Patrick Muck, MD, surgeon
Chief of Vascular Surgery, Good Samaritan Hospital

—As told to Alyssa Brandt

“All minimally invasive procedures, be they gall bladder surgeries, urology surgeries, or OB/GYN procedures, benefit from the precision of robotic technology. For minimally invasive vascular procedures, you typically start at an access point, like the femoral artery in the groin, and insert a tube. Once we’re inside the artery, we use a variety of catheters that have different shapes or angles to navigate to the heart, the carotid artery, or aorta. Sometimes the blood vessels are really windy, like those road signs you see. If we try a catheter with a 30-degree angle and it isn’t working, it has to be removed and exchanged for a different one. Another issue in vascular surgery is stability. If the arteries are weakened by disease, it can be hard to keep them stable while we deliver a stent or chemotherapy drugs to a tumor. The Magellan addresses both of these issues by giving us navigational precision and added stability.

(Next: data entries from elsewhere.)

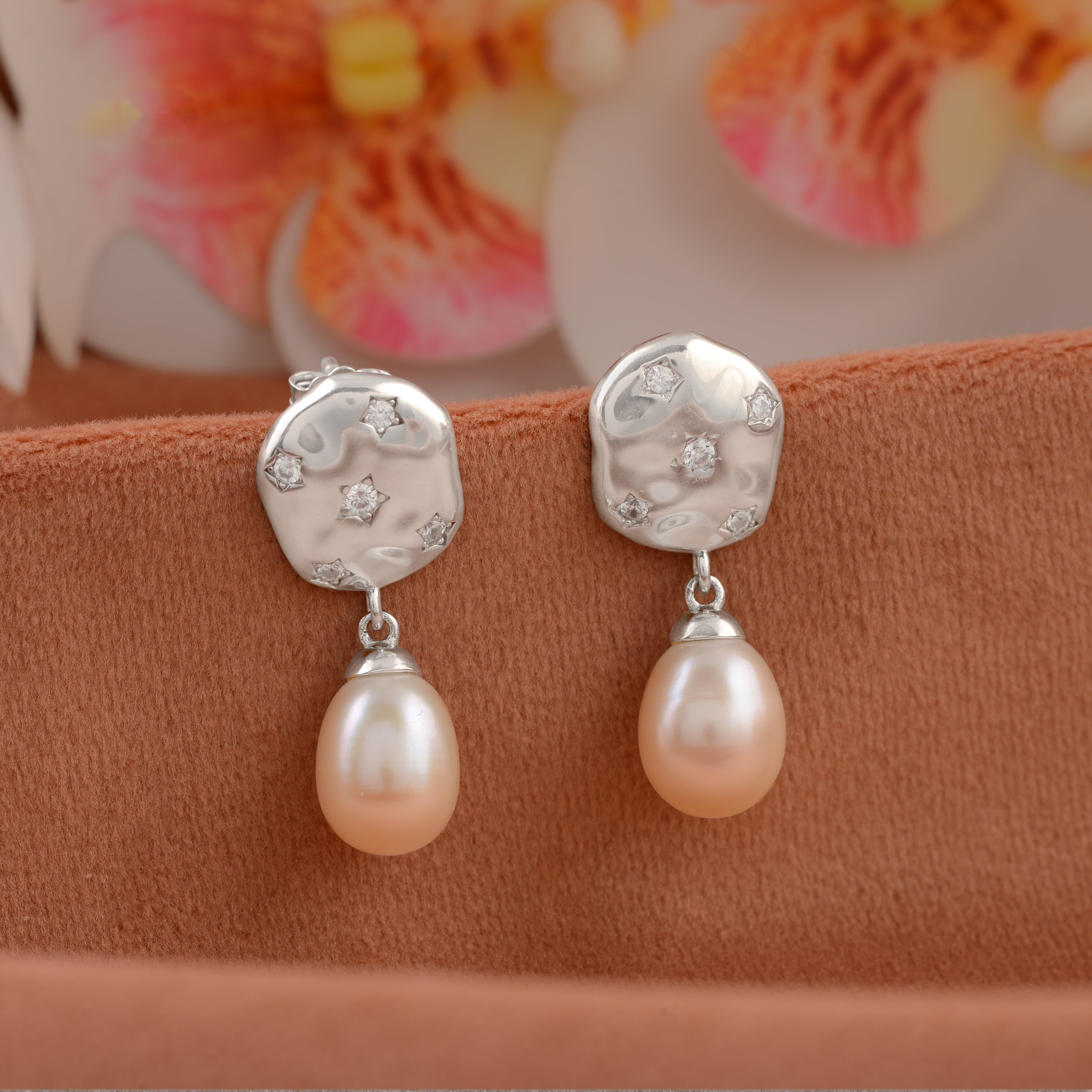 Silver stud with Hexagon classic pearl drop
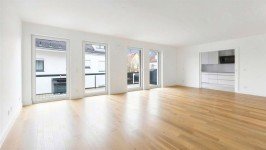 Hauptbild HEGERICH: Einziehen & wohlf�hlen - Exklusive 4-Zimmer-Wohnung mit gro�em Balkon in M�nchen-Moosach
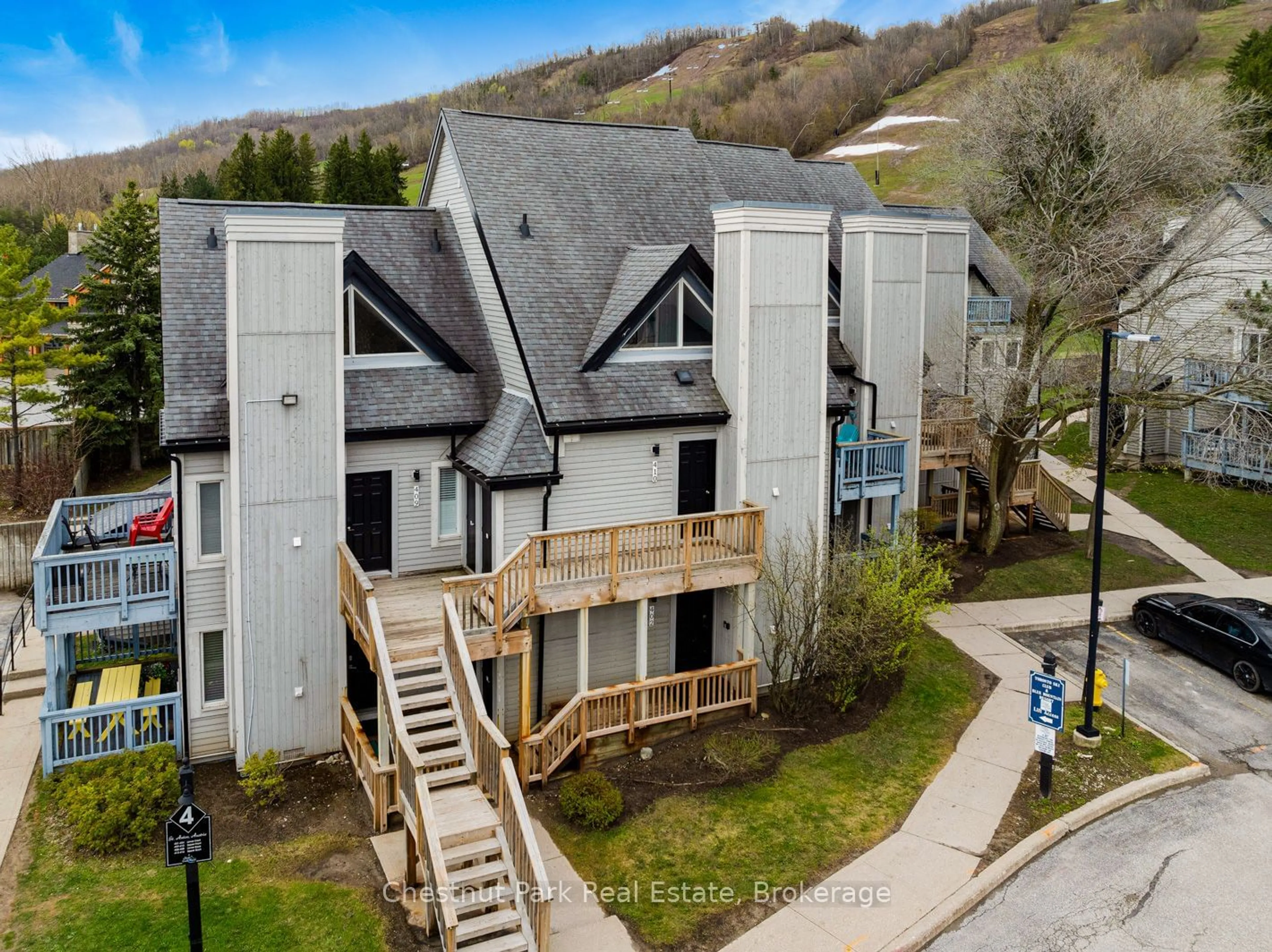 A pic from outside/outdoor area/front of a property/back of a property/a pic from drone, unknown for 796468 Grey Road 19 #406, Blue Mountains Ontario L9Y 0N6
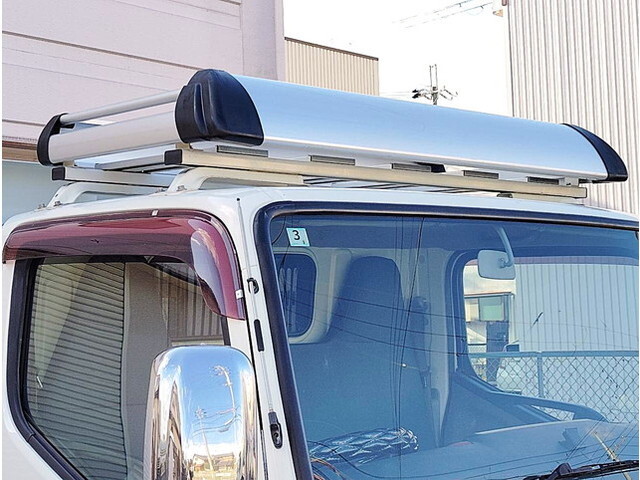 三菱ふそうキャンターダンプ小型（2t・3t）[写真23]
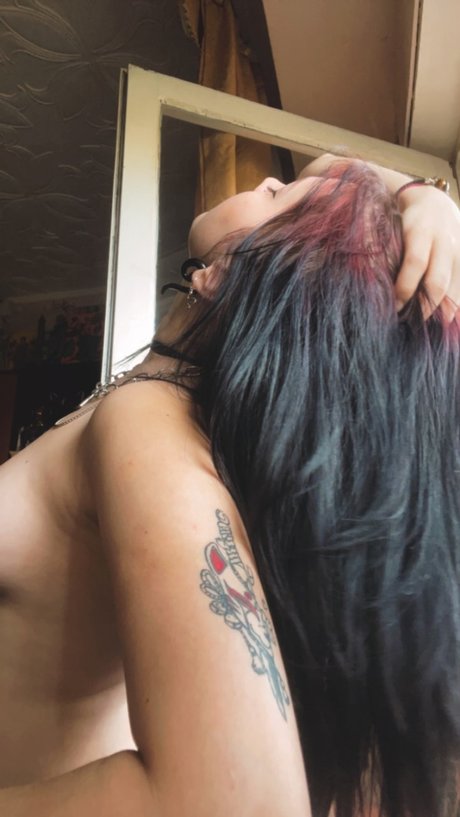 Photo nue de fuite OnlyFans de Red Yukine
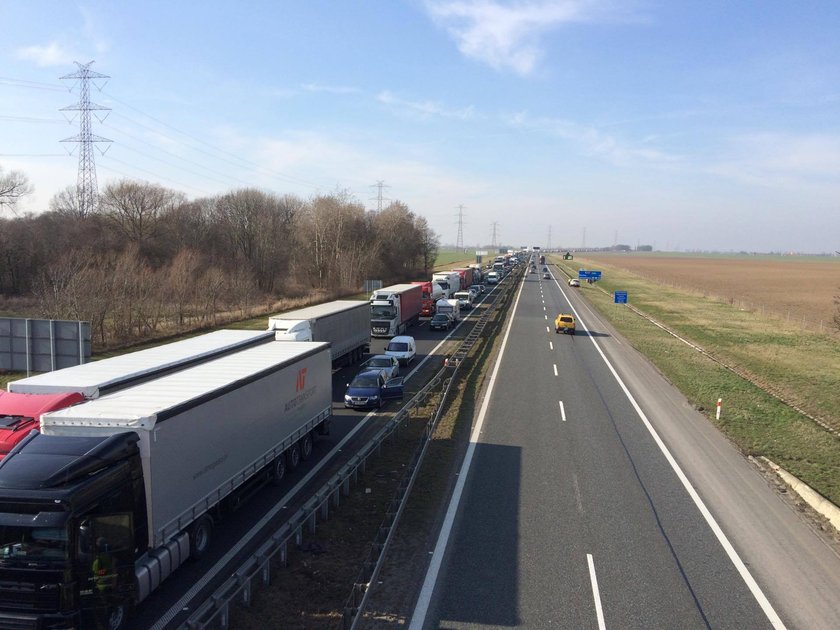 Korki na A4. Śledczy dokonują oględzin miejsca wypadku prezydenta Dudy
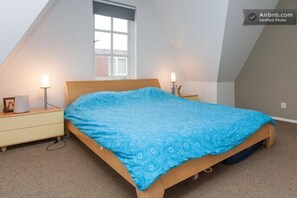 3 bedrooms, iron/ironing board, WiFi, bed sheets - Attractive holiday home 300 meters from the sea for 5 people (Noordwijk)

The other advantage to the Magellan system is that you can step away from the radiation. With minimally invasive procedures like these, the patient is given dye and we use an X-ray source to look inside the body. The X-ray source throws radiation all around the room. We’re getting radiated to kingdom come and back. We have shields in the operating room and we wear our lead—it’s even in our caps and glasses now—but nothing is bulletproof. The patient gets a one-time exposure, but for the procedural team, it’s an occupational hazard. Every time you can double your distance from the radiation source, it cuts your exposure by 75 percent. The Magellan allows us to be 10 feet away from the patient and control the system from a console.

Thirty million Americans have arterial disease due to things like smoking, high cholesterol, and diabetes. Pulmonary embolisms—blood clots that break off and travel to the lungs—still kill 300,000–400,000 people a year. Every family is going to have someone with a vascular problem at some point, be it a blood clot, or a carotid artery blockage that can lead to stroke, or an aneurysm. We can go in, put in a stent or a filter and you go home the next day with nothing more than a Band-Aid at the entry point. Today, I do about 10 percent open surgeries and 90 percent [minimally invasive]. When I started it was the opposite. The traditional image of the surgeon being right there over the patient isn’t gone, but it’s changing.”